(HOW TO COMPLETE THIS TASK):
Repeat each line of the data exactly as written.

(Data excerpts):
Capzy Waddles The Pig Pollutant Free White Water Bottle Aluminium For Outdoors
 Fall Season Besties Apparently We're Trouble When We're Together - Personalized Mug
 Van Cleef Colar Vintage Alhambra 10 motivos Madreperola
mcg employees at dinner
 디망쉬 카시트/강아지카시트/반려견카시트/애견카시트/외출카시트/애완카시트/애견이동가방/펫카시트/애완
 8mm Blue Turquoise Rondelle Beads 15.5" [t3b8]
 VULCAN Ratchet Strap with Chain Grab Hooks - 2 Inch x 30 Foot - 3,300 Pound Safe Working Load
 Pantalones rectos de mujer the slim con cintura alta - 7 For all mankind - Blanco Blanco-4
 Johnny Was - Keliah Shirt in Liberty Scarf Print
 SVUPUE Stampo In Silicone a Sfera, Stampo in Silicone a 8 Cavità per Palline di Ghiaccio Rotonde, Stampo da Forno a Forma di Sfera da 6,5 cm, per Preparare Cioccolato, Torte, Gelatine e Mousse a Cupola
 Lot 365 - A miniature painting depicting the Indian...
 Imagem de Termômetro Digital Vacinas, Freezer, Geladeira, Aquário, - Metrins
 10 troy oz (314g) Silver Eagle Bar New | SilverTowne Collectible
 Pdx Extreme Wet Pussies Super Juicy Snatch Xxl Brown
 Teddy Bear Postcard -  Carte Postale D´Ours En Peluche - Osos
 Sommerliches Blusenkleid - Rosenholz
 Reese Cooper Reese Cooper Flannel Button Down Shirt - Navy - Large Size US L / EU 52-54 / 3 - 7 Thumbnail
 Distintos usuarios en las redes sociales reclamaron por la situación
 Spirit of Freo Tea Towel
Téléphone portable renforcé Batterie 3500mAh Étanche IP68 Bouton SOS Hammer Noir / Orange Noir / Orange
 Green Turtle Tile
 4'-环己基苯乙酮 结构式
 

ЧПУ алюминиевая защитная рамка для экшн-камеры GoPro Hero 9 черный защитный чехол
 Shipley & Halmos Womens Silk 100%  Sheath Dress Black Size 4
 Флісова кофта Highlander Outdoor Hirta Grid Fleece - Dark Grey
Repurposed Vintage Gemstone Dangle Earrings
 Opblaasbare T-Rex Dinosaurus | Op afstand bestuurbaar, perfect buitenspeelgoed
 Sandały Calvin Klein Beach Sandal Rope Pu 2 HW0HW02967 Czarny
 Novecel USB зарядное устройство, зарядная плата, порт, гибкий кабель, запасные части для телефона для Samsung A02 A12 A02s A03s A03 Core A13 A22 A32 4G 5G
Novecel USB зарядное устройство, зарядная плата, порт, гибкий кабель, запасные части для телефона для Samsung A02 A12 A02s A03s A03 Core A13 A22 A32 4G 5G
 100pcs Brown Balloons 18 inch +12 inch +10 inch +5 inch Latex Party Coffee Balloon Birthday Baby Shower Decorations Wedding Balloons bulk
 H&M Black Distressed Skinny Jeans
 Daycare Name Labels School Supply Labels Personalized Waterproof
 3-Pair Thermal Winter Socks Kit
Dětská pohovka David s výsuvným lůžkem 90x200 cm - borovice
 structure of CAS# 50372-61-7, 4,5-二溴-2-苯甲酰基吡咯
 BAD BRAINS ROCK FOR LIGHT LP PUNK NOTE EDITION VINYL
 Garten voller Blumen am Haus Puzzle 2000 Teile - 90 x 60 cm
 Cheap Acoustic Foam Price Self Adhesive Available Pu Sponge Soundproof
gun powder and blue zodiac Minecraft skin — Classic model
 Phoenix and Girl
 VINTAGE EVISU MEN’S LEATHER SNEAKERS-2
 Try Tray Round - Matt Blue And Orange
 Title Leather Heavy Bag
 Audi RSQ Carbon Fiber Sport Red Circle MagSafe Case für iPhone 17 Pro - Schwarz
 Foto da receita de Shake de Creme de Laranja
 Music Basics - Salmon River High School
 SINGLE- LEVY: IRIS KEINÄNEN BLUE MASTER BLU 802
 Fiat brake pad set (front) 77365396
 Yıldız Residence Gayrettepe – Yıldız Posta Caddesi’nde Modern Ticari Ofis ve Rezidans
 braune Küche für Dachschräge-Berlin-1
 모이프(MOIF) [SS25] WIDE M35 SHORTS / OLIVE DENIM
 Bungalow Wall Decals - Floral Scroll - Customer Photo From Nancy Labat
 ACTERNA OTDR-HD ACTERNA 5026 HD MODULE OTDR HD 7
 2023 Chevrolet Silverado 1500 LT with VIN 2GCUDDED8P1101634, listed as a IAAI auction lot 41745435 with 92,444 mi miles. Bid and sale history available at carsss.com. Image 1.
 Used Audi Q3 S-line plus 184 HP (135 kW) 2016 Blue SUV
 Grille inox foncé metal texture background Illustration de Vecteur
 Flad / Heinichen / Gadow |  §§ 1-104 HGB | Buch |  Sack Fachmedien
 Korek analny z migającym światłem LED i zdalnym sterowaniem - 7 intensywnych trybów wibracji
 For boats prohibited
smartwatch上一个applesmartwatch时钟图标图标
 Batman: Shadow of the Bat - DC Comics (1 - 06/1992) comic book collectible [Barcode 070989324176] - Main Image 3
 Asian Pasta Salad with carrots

(TASK OUTPUT):
Capzy Waddles The Pig Pollutant Free White Water Bottle Aluminium For Outdoors
 Fall Season Besties Apparently We're Trouble When We're Together - Personalized Mug
 Van Cleef Colar Vintage Alhambra 10 motivos Madreperola
mcg employees at dinner
 디망쉬 카시트/강아지카시트/반려견카시트/애견카시트/외출카시트/애완카시트/애견이동가방/펫카시트/애완
 8mm Blue Turquoise Rondelle Beads 15.5" [t3b8]
 VULCAN Ratchet Strap with Chain Grab Hooks - 2 Inch x 30 Foot - 3,300 Pound Safe Working Load
 Pantalones rectos de mujer the slim con cintura alta - 7 For all mankind - Blanco Blanco-4
 Johnny Was - Keliah Shirt in Liberty Scarf Print
 SVUPUE Stampo In Silicone a Sfera, Stampo in Silicone a 8 Cavità per Palline di Ghiaccio Rotonde, Stampo da Forno a Forma di Sfera da 6,5 cm, per Preparare Cioccolato, Torte, Gelatine e Mousse a Cupola
 Lot 365 - A miniature painting depicting the Indian...
 Imagem de Termômetro Digital Vacinas, Freezer, Geladeira, Aquário, - Metrins
 10 troy oz (314g) Silver Eagle Bar New | SilverTowne Collectible
 Pdx Extreme Wet Pussies Super Juicy Snatch Xxl Brown
 Teddy Bear Postcard -  Carte Postale D´Ours En Peluche - Osos
 Sommerliches Blusenkleid - Rosenholz
 Reese Cooper Reese Cooper Flannel Button Down Shirt - Navy - Large Size US L / EU 52-54 / 3 - 7 Thumbnail
 Distintos usuarios en las redes sociales reclamaron por la situación
 Spirit of Freo Tea Towel
Téléphone portable renforcé Batterie 3500mAh Étanche IP68 Bouton SOS Hammer Noir / Orange Noir / Orange
 Green Turtle Tile
 4'-环己基苯乙酮 结构式
 

ЧПУ алюминиевая защитная рамка для экшн-камеры GoPro Hero 9 черный защитный чехол
 Shipley & Halmos Womens Silk 100%  Sheath Dress Black Size 4
 Флісова кофта Highlander Outdoor Hirta Grid Fleece - Dark Grey
Repurposed Vintage Gemstone Dangle Earrings
 Opblaasbare T-Rex Dinosaurus | Op afstand bestuurbaar, perfect buitenspeelgoed
 Sandały Calvin Klein Beach Sandal Rope Pu 2 HW0HW02967 Czarny
 Novecel USB зарядное устройство, зарядная плата, порт, гибкий кабель, запасные части для телефона для Samsung A02 A12 A02s A03s A03 Core A13 A22 A32 4G 5G
Novecel USB зарядное устройство, зарядная плата, порт, гибкий кабель, запасные части для телефона для Samsung A02 A12 A02s A03s A03 Core A13 A22 A32 4G 5G
 100pcs Brown Balloons 18 inch +12 inch +10 inch +5 inch Latex Party Coffee Balloon Birthday Baby Shower Decorations Wedding Balloons bulk
 H&M Black Distressed Skinny Jeans
 Daycare Name Labels School Supply Labels Personalized Waterproof
 3-Pair Thermal Winter Socks Kit
Dětská pohovka David s výsuvným lůžkem 90x200 cm - borovice
 structure of CAS# 50372-61-7, 4,5-二溴-2-苯甲酰基吡咯
 BAD BRAINS ROCK FOR LIGHT LP PUNK NOTE EDITION VINYL
 Garten voller Blumen am Haus Puzzle 2000 Teile - 90 x 60 cm
 Cheap Acoustic Foam Price Self Adhesive Available Pu Sponge Soundproof
gun powder and blue zodiac Minecraft skin — Classic model
 Phoenix and Girl
 VINTAGE EVISU MEN’S LEATHER SNEAKERS-2
 Try Tray Round - Matt Blue And Orange
 Title Leather Heavy Bag
 Audi RSQ Carbon Fiber Sport Red Circle MagSafe Case für iPhone 17 Pro - Schwarz
 Foto da receita de Shake de Creme de Laranja
 Music Basics - Salmon River High School
 SINGLE- LEVY: IRIS KEINÄNEN BLUE MASTER BLU 802
 Fiat brake pad set (front) 77365396
 Yıldız Residence Gayrettepe – Yıldız Posta Caddesi’nde Modern Ticari Ofis ve Rezidans
 braune Küche für Dachschräge-Berlin-1
 모이프(MOIF) [SS25] WIDE M35 SHORTS / OLIVE DENIM
 Bungalow Wall Decals - Floral Scroll - Customer Photo From Nancy Labat
 ACTERNA OTDR-HD ACTERNA 5026 HD MODULE OTDR HD 7
 2023 Chevrolet Silverado 1500 LT with VIN 2GCUDDED8P1101634, listed as a IAAI auction lot 41745435 with 92,444 mi miles. Bid and sale history available at carsss.com. Image 1.
 Used Audi Q3 S-line plus 184 HP (135 kW) 2016 Blue SUV
 Grille inox foncé metal texture background Illustration de Vecteur
 Flad / Heinichen / Gadow |  §§ 1-104 HGB | Buch |  Sack Fachmedien
 Korek analny z migającym światłem LED i zdalnym sterowaniem - 7 intensywnych trybów wibracji
 For boats prohibited
smartwatch上一个applesmartwatch时钟图标图标
 Batman: Shadow of the Bat - DC Comics (1 - 06/1992) comic book collectible [Barcode 070989324176] - Main Image 3
 Asian Pasta Salad with carrots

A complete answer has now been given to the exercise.